5/10
An lightweight take on Miss Marple
21 September 2018
The underlying problem with this version of Murder at the Vicarage is that the producers took it out of order. Murder at the Vicarage was Agatha's Christie's first adventure with Miss Marple. This edition was evidently produced later in the series. Here, Miss Marple is used to being involved, and police are used to consulting her, however much they resent having to do so. The script is rather heavy-handed, moving quickly from one incident to another with little or no set-up. And while the original novel does this as well, it doesn't spring things on us totally out of the blue. Joan Hickson is most probably the Miss Marple that Agatha Christie envisioned - more so than Margaret Rutherford or Helen Hayes, for example, but the rest of the production is not. True, a 200+ page novel had to be condensed into one hour and 42 minutes. This is never easy, but it has often been done successfully. Not here. The writers needed to capture the leisurely and still foreboding small village atmosphere early on. They didn't, and it makes the necessarily hurried plot revelations seem even more so. This results in far too many smug reaction shots, far too many exchanges of dialogue dripping with "significance", far too many scenes which could have been cut to a few lines of dialogue, freeing up the pace for more insightful exchanges elsewhere. (For example, the secondary priest subplot is reduced to an obligatory afterthought here.

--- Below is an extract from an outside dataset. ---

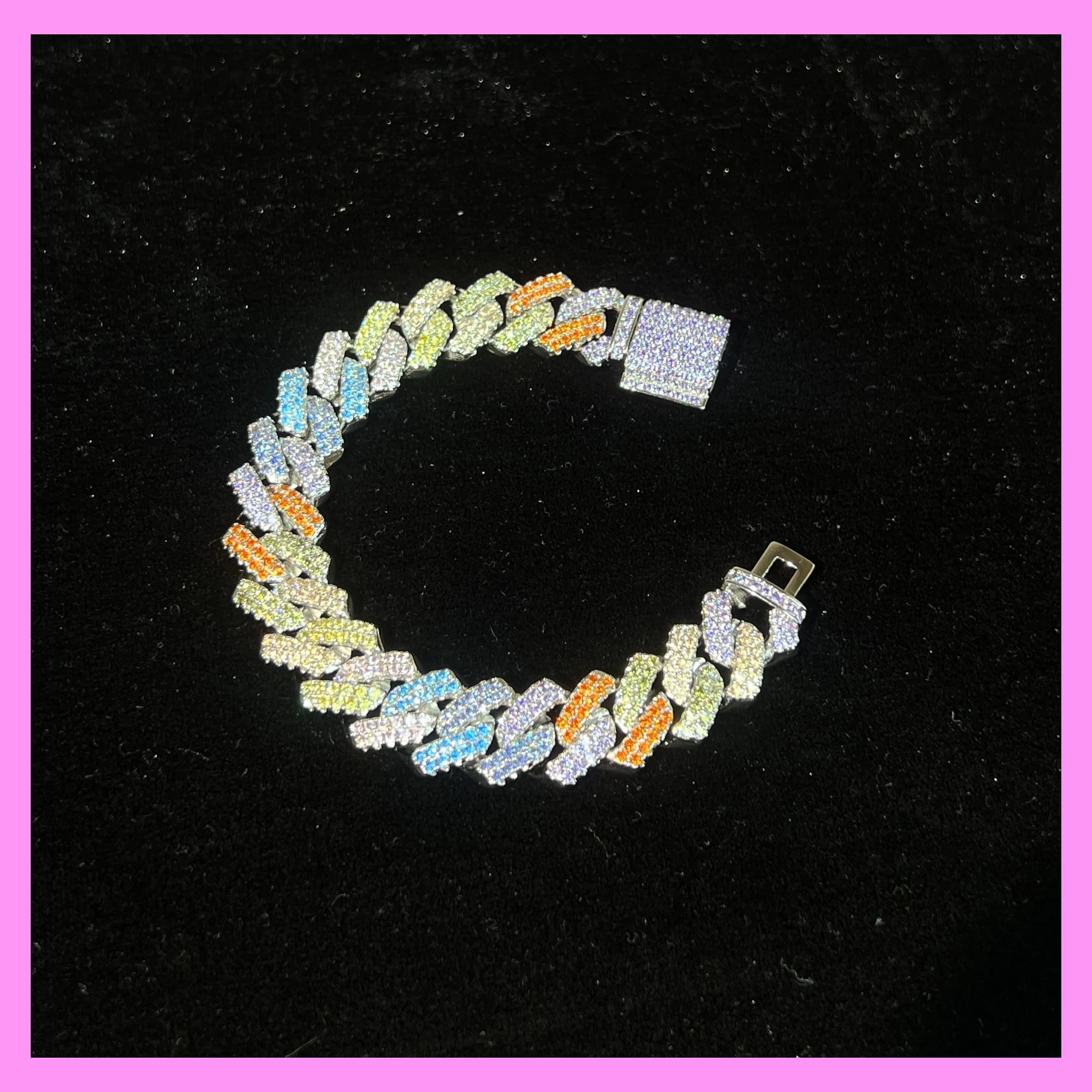 【2-43.4#】Rainbow Cuban Bracelet for female fashion daily engagement wedding anniversary birthday present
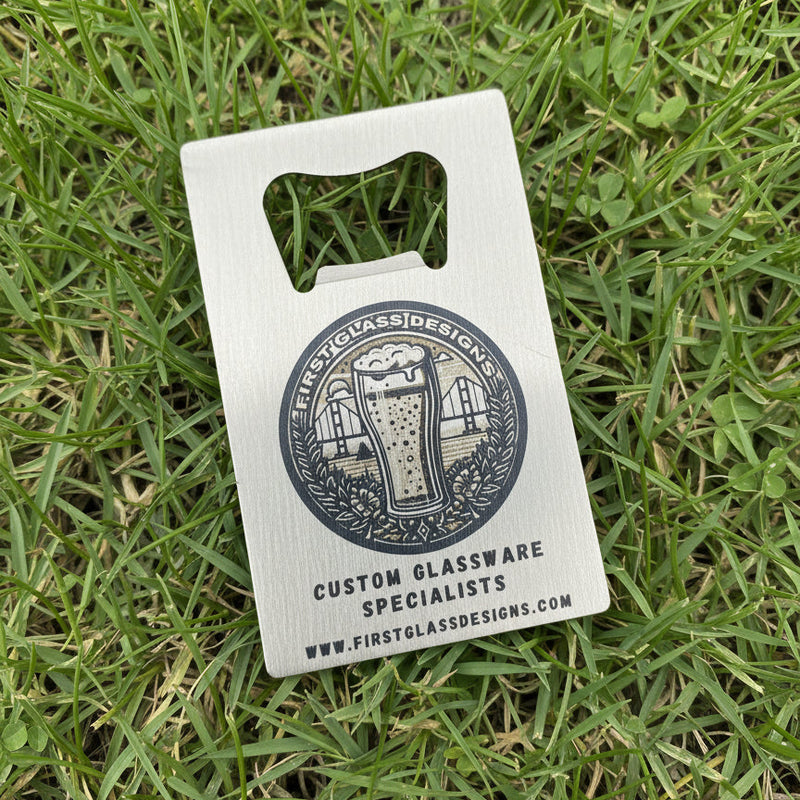 stainless steel bottle opener with a logo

It was more prominent in the novel, but its lack of necessity here is obvious. The bit with the vicar's car is also totally unneeded; he rides his bicycle the rest of the time, anyway.) Overall, Miss Marple is reduced to an almost supporting player, which of course she is in many of the Christie novels, but one whose presence is always felt whether she is on scene or not. That isn't true here, at least until the end, and it should be.